Showing posts with label pittsworth manor. Show all posts
Showing posts with label pittsworth manor. Show all posts

Snails and socks

I'm dressed for the garden and my tea's gone cold, but before I head off to deadhead the marigolds (and have more tea,) and ultimately end up back inside (knitting and listening to Melodica,) here's someone I met the other day out in my tray of sweet pea seedlings:Hello! He/She's looking at you with one beady eye-stalk! Cute!

I met another such fellow/lady last night as I was dividing a clump of Echinacea donated to my cause from my mom's back garden. I set him/her down in one of the mint patches for safe keeping. He/she can eat all the mint he/she likes, if he/she so chooses.

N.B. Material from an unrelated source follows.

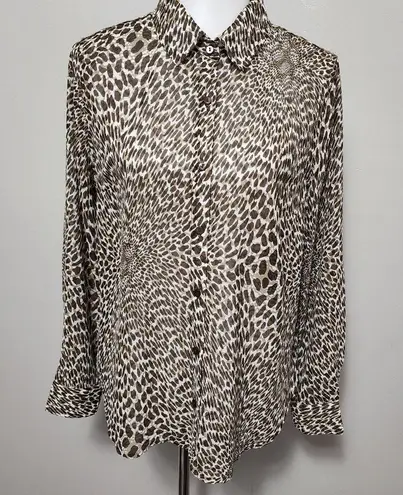 Liverpool Brown Animal Print Inverted Pleat Button Down Size Medium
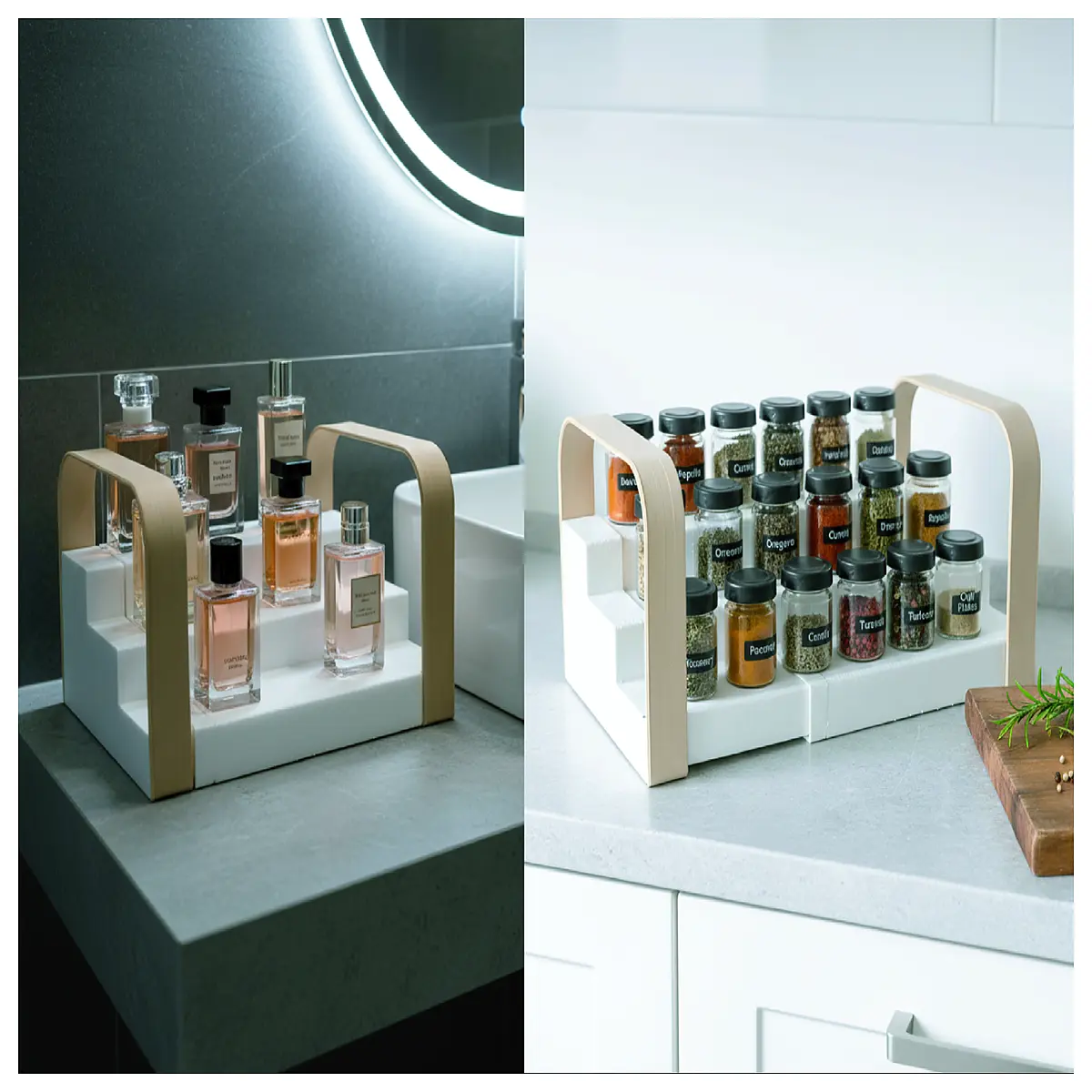 scandinavian style pull out spice rack organizer for kitchen counter storage drawer insert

Plant-acquisition around here has been at an all-time high as we're finally working on landscaping the front garden. I've spent the past few days coated in a fine grime comprised mainly of dirt, sweat, sunscreen and bug spray (the latter two help the dirt stick better,) but the result is totally worth it.

Needless to say, all this gardening has cut into my knitting time. Still, I am dangerously close to finishing the (tentatively-titled) Balearique Gentlemen's Socks (which can be converted to Ladies' socks by going down a needle size. Or not, as you prefer.)When that occurs (oh, happy day!) they will depart to go live with their recipient, just in time for the summer months (my timing is impeccable.)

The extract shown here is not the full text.